--- Entries provided Enclosed Below ---

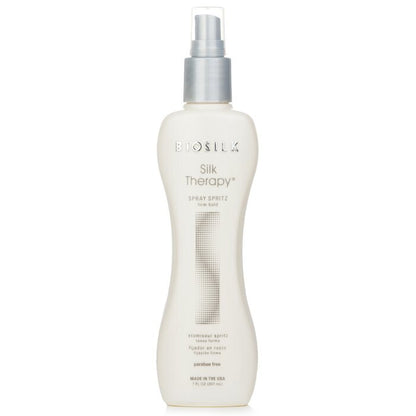 BioSilk Silk Therapy Spray Spritz (Fixation Forte) 207ml/7oz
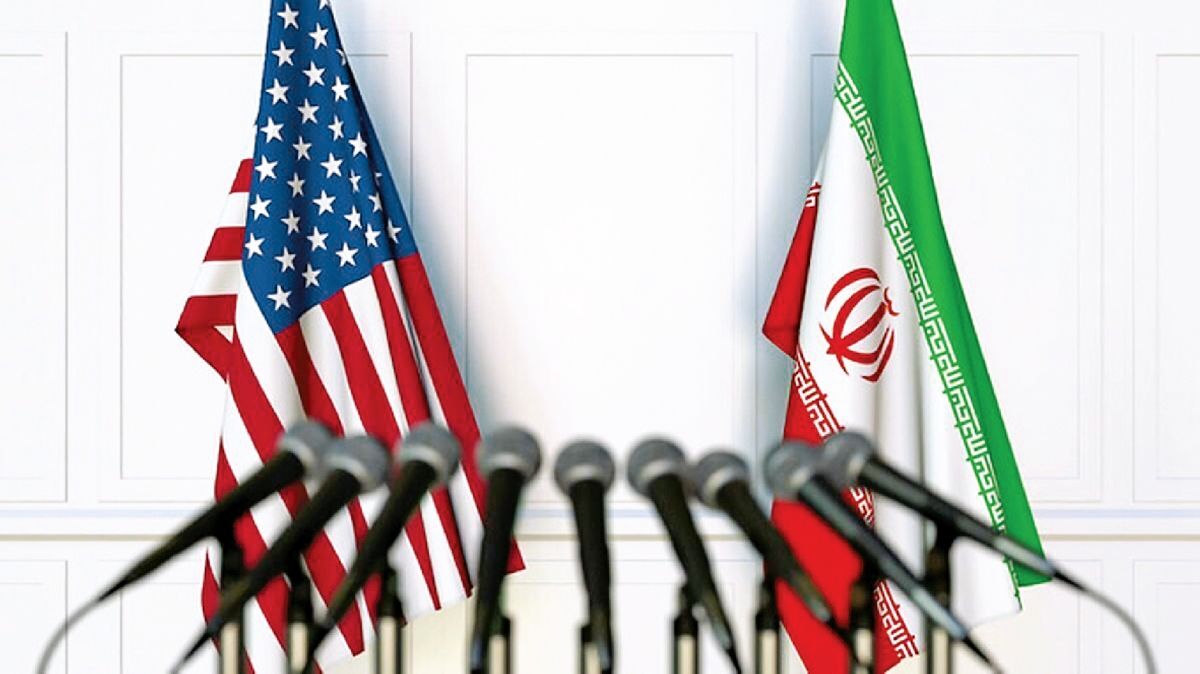 توپ مذاکره اکنون در زمین امریکاست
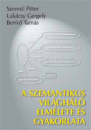 Első borító: A szemantikus világháló elmélete és gyakorlata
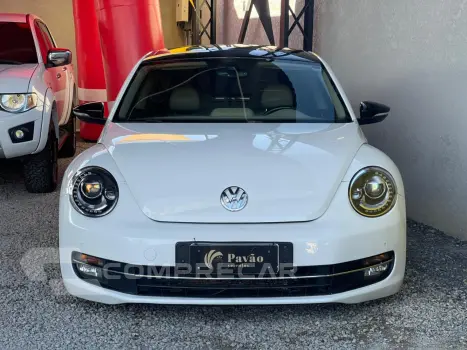 FUSCA 2.0 TSI 16V R-line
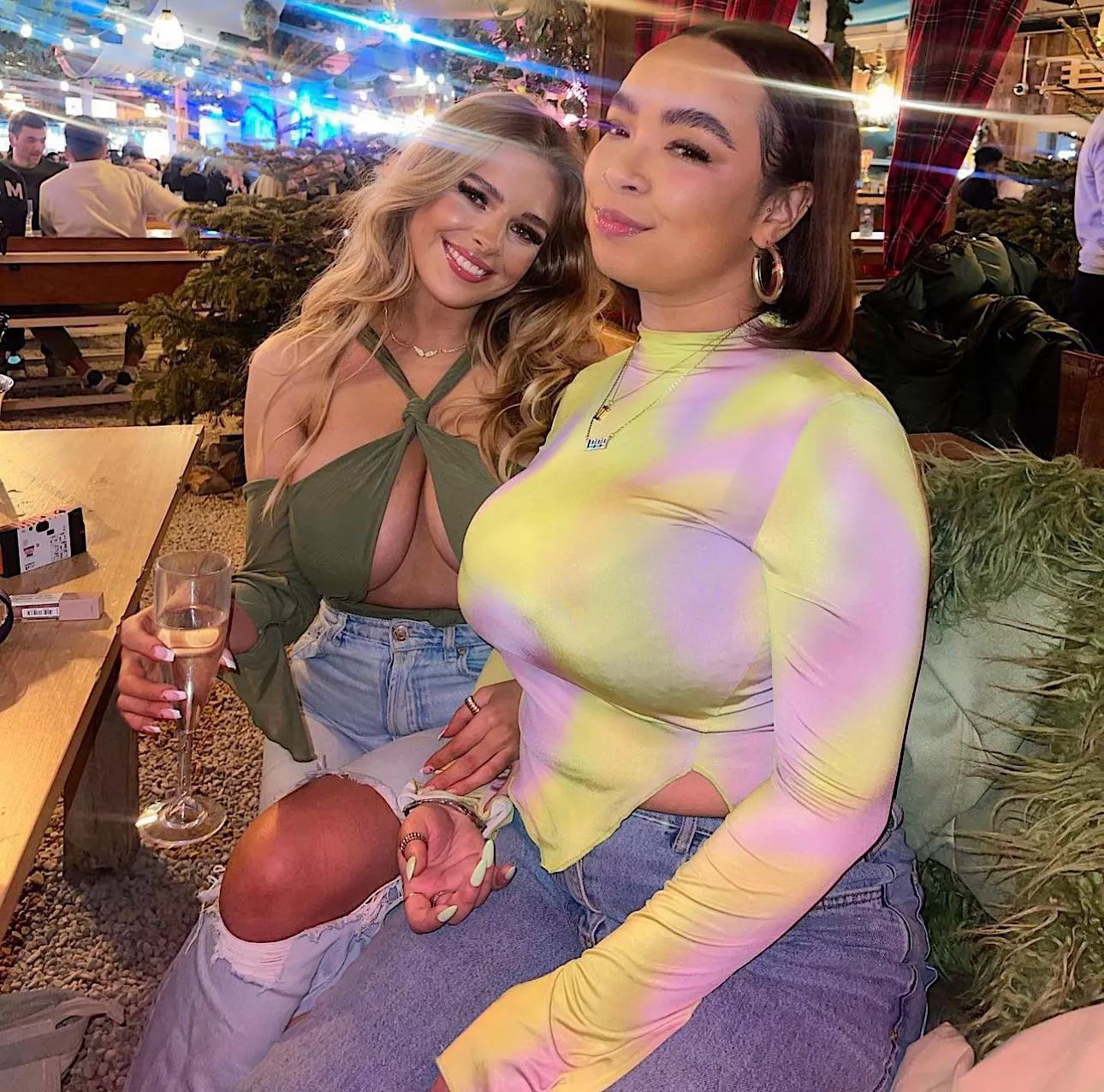 Which one?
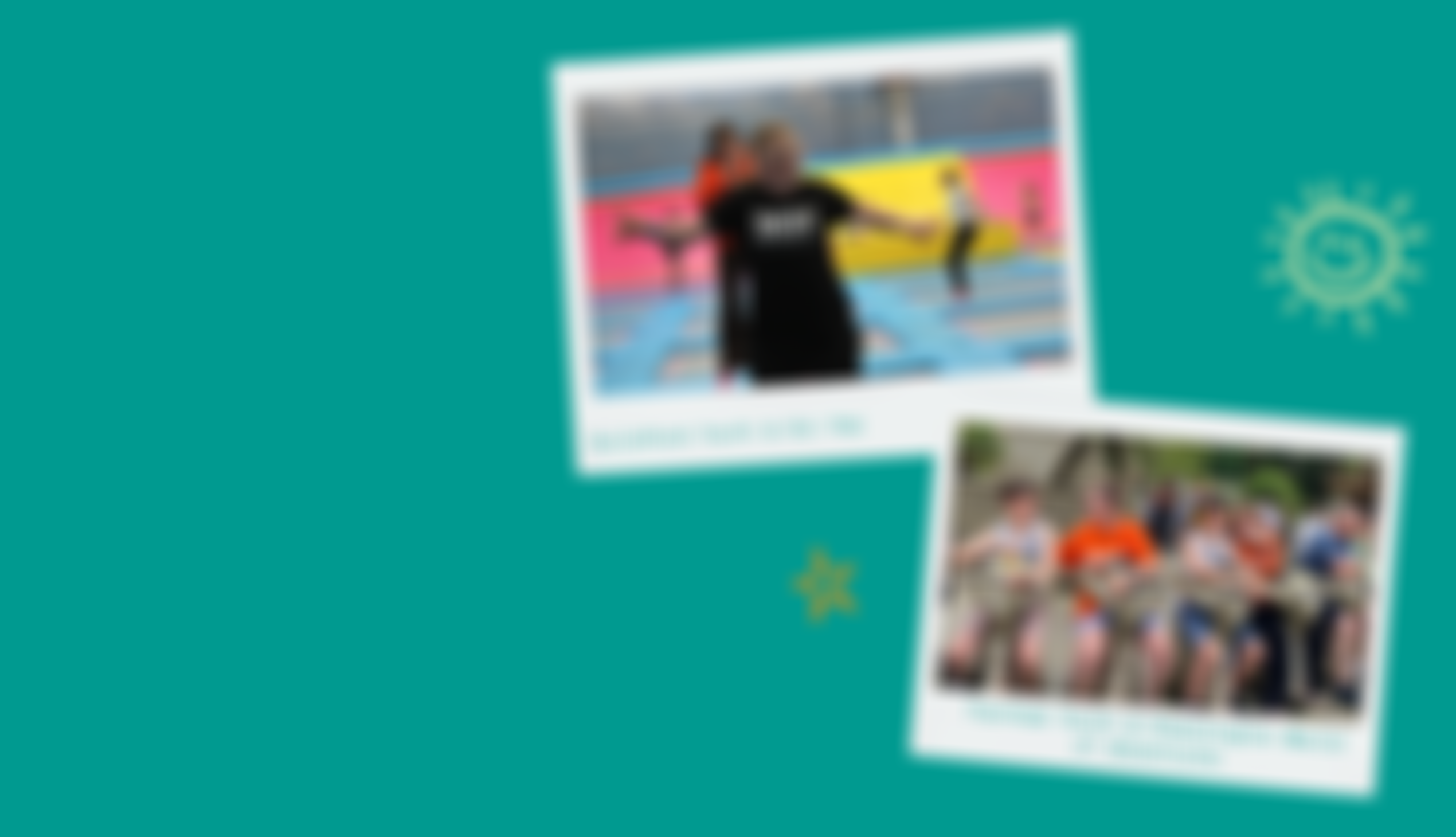 Disability Challengers | Charici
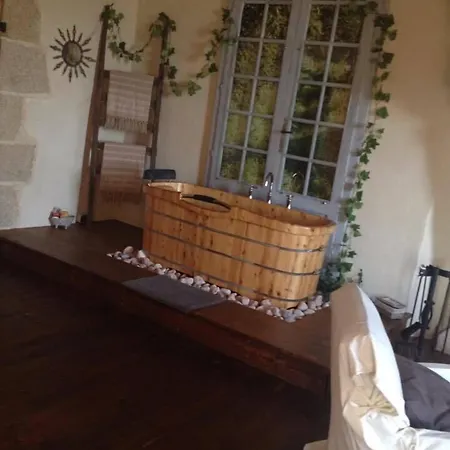 Logis De Riparfonds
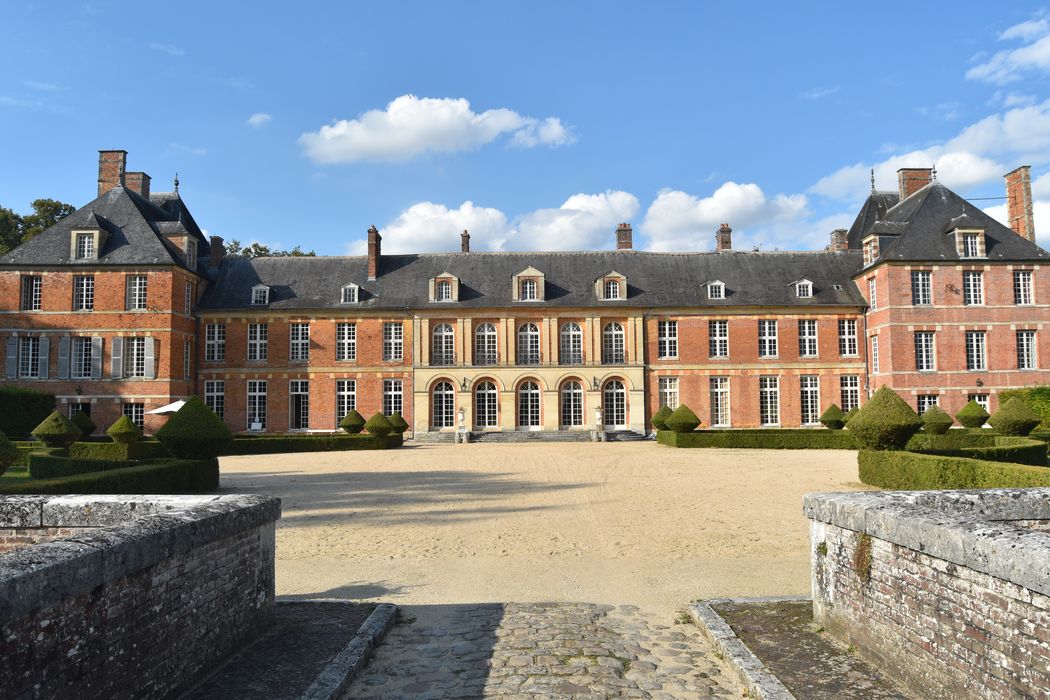 Château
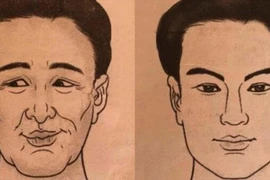 6 nét tướng mặt đàn ông phú quý trời ban, sự nghiệp lẫy lừng 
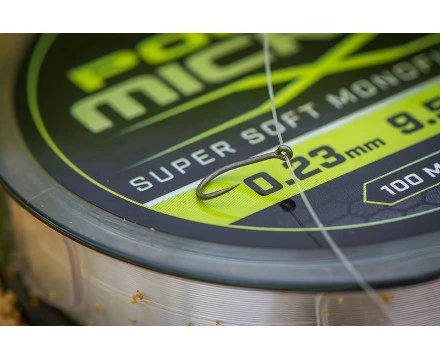 Matrix MXC-4 Barbless Eyed Witvishaken (10st) Maat 12 1 Matrix MXC-4 Barbless Eyed Witvishaken (10st) Maat 12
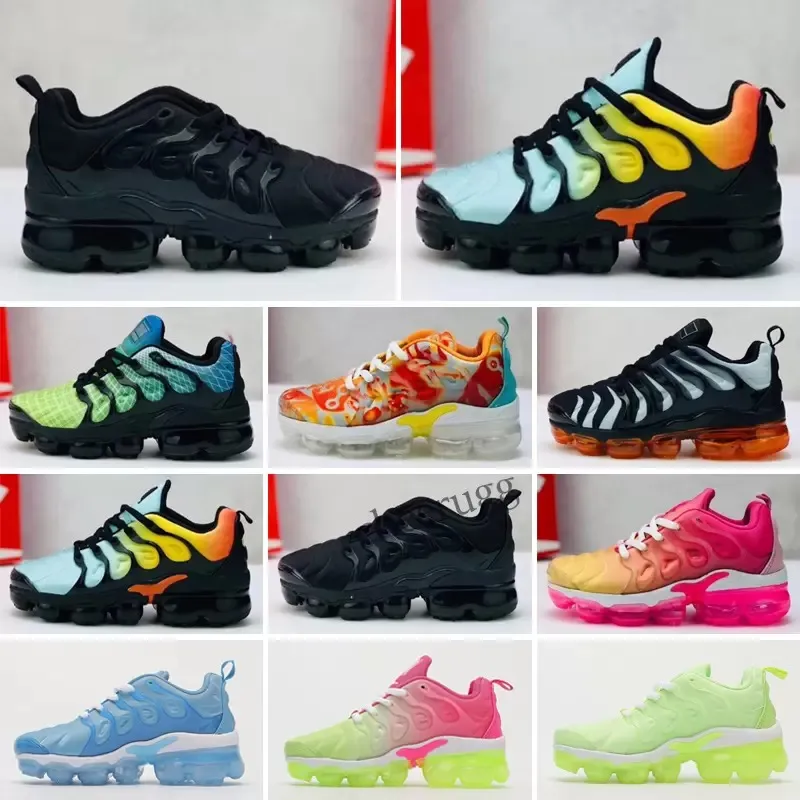 New Fashion 2022 kids sneakers TN Plus new sale Cheap toddler Kids Shoes top quality Childrens Boys Girls Shoes Enfant Chaussures Size 24-35, White
New Fashion 2022 kids sneakers TN Plus new sale Cheap toddler Kids Shoes top quality Childrens Boys Girls Shoes Enfant Chaussures Size 24-35, White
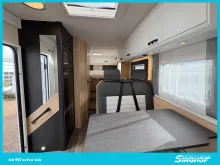 Fahrzeugbild Sunlight Adventure I 67S 140PS Automatik inkl Heckstützen #13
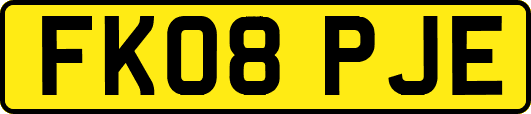 FK08PJE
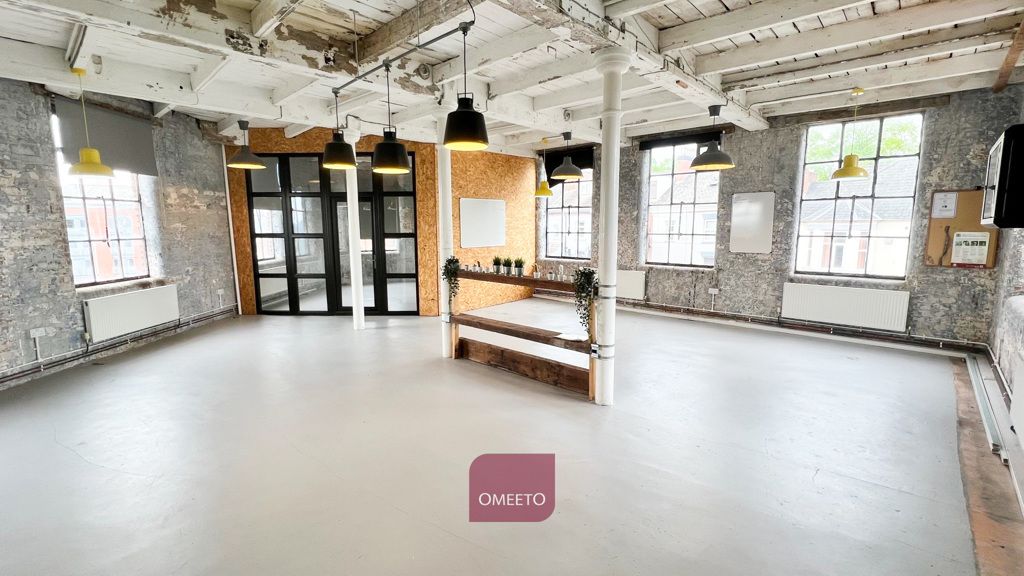 Property photo 1 of 7 Open Plan Office To Let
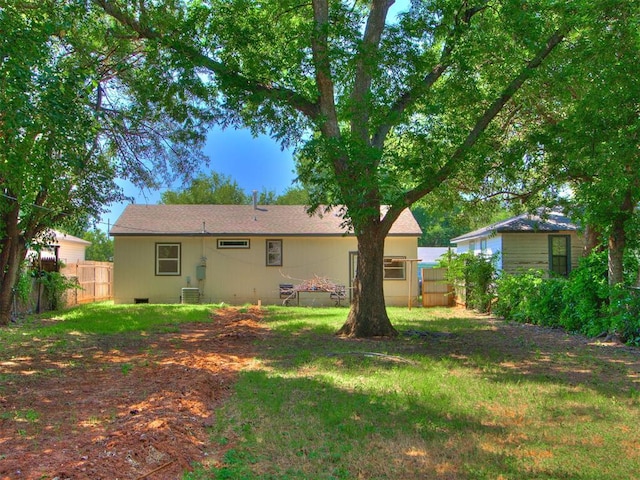 2317 SW 48th St, Oklahoma City, OK 73119 - photo 4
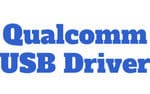 Qualcomm USb Driver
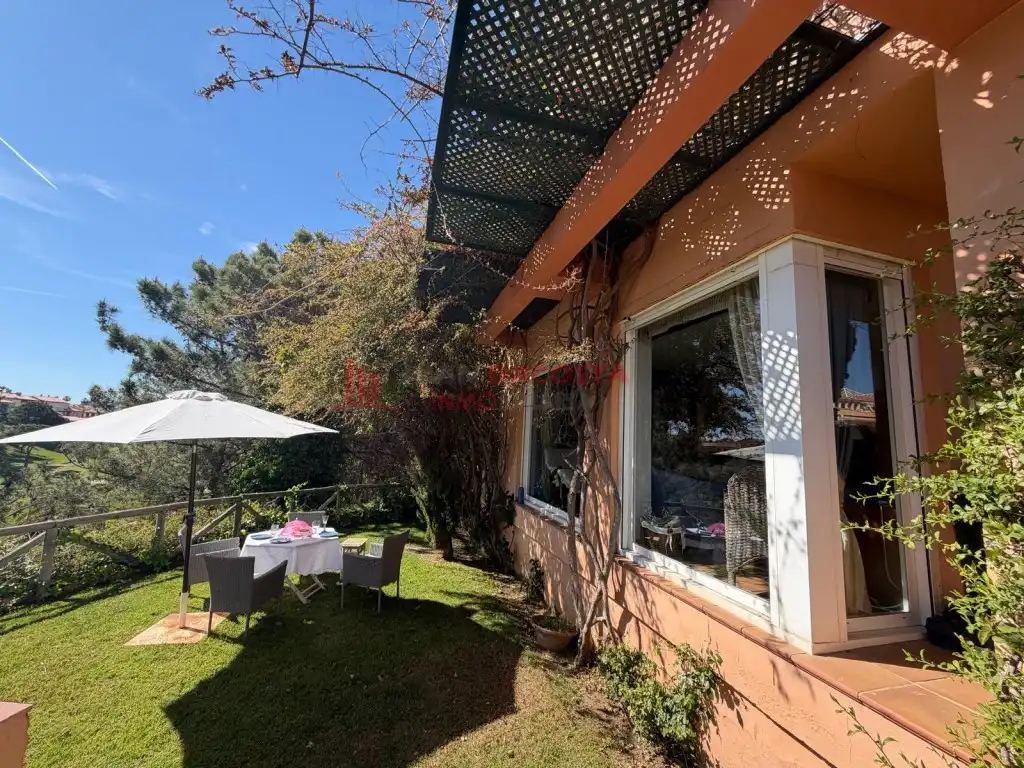 Terraza de Casa o chalet en venta en Islantilla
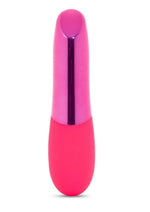 Load image into Gallery viewer, Nu Sensuelle Nikita Rechargeable Silicone Bullet with Nitro Motor
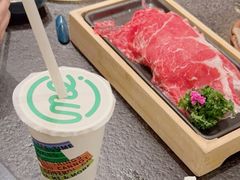 -湊湊火锅·茶憩(打浦桥日月光店)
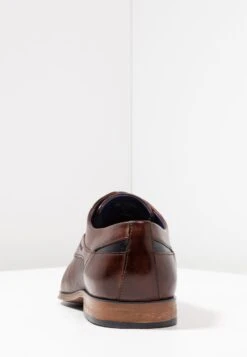 Bugatti Morino - Stringate Eleganti - Brown -Pier One Italia 2025 0945fc31ecf643a990c5f24476aa7af5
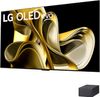 LG 77" Class 4K UHDTV (2160p)...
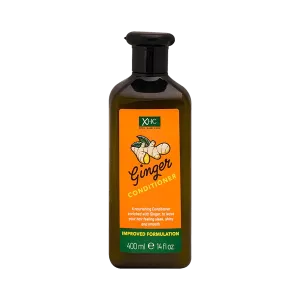 XHC GINGER HAIR CONDITIONER 400ML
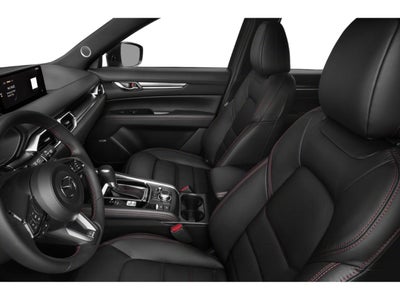2023 Mazda Mazda CX-5 2.5 Turbo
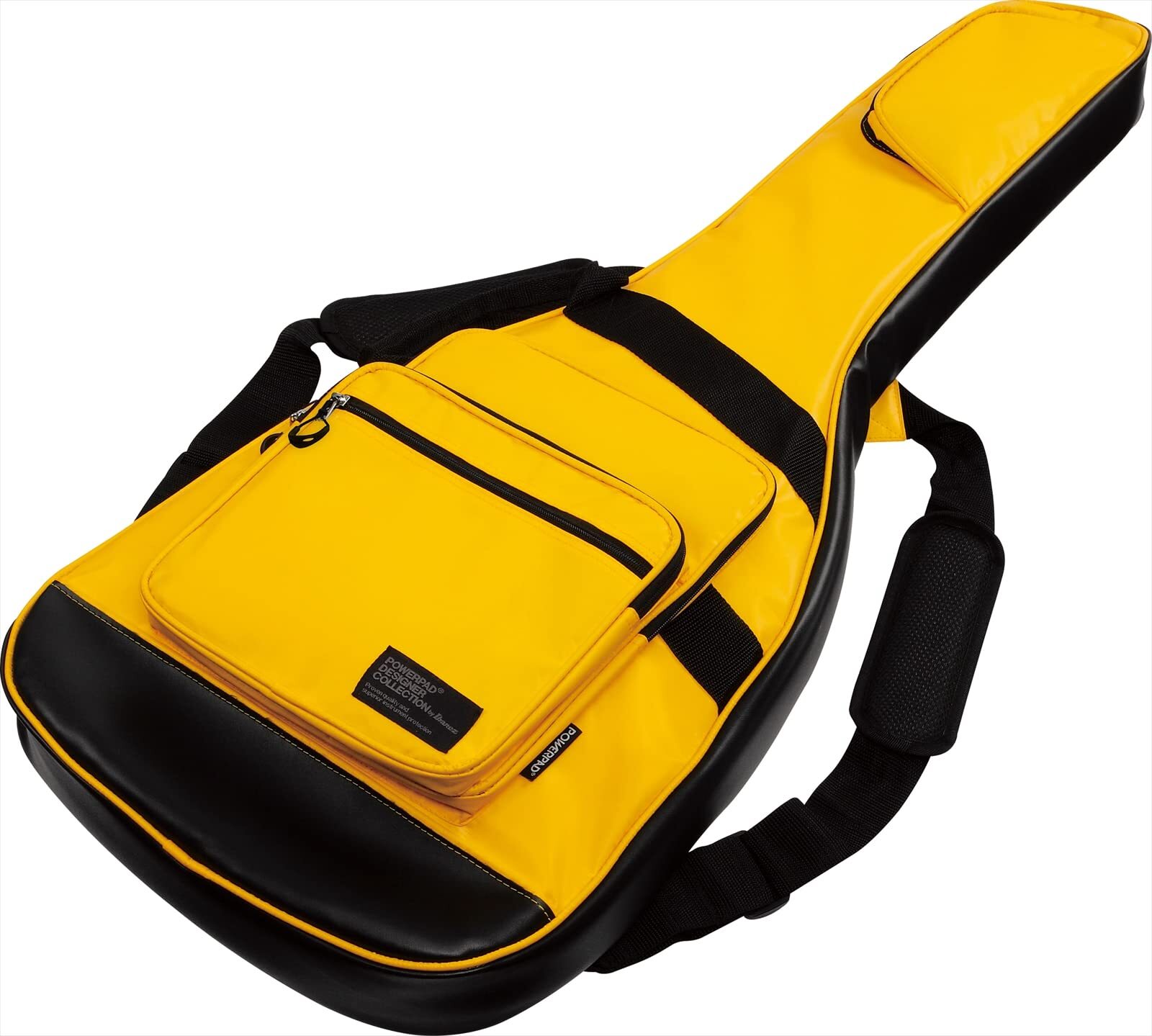 Ibanez/Powerpad Designer Collection IGB571 Series IGB571-YE Yellow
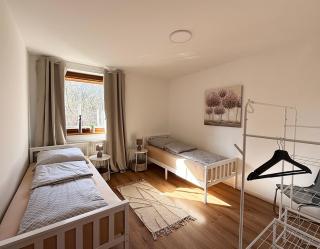 Tammens Gröönblick - großzügig, sonnig & im Grünen - 9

--- End of Enclosed Entries provided ---

* **Exercise prompt**: Return exactly the lines that appear in the data above between the line containing "Logis De Riparfonds" and the line containing "XHC GINGER HAIR CONDITIONER 400ML", both of which are included, and leave the pictures out.

* **Response area**:
 Logis De Riparfonds
 Château
 6 nét tướng mặt đàn ông phú quý trời ban, sự nghiệp lẫy lừng 
 Matrix MXC-4 Barbless Eyed Witvishaken (10st) Maat 12 1 Matrix MXC-4 Barbless Eyed Witvishaken (10st) Maat 12
 New Fashion 2022 kids sneakers TN Plus new sale Cheap toddler Kids Shoes top quality Childrens Boys Girls Shoes Enfant Chaussures Size 24-35, White
New Fashion 2022 kids sneakers TN Plus new sale Cheap toddler Kids Shoes top quality Childrens Boys Girls Shoes Enfant Chaussures Size 24-35, White
 Fahrzeugbild Sunlight Adventure I 67S 140PS Automatik inkl Heckstützen #13
 FK08PJE
 Property photo 1 of 7 Open Plan Office To Let
 2317 SW 48th St, Oklahoma City, OK 73119 - photo 4
 Qualcomm USb Driver
 Terraza de Casa o chalet en venta en Islantilla
 Load image into Gallery viewer, Nu Sensuelle Nikita Rechargeable Silicone Bullet with Nitro Motor
 -湊湊火锅·茶憩(打浦桥日月光店)
 Bugatti Morino - Stringate Eleganti - Brown -Pier One Italia 2025 0945fc31ecf643a990c5f24476aa7af5
 LG 77" Class 4K UHDTV (2160p)...
 XHC GINGER HAIR CONDITIONER 400ML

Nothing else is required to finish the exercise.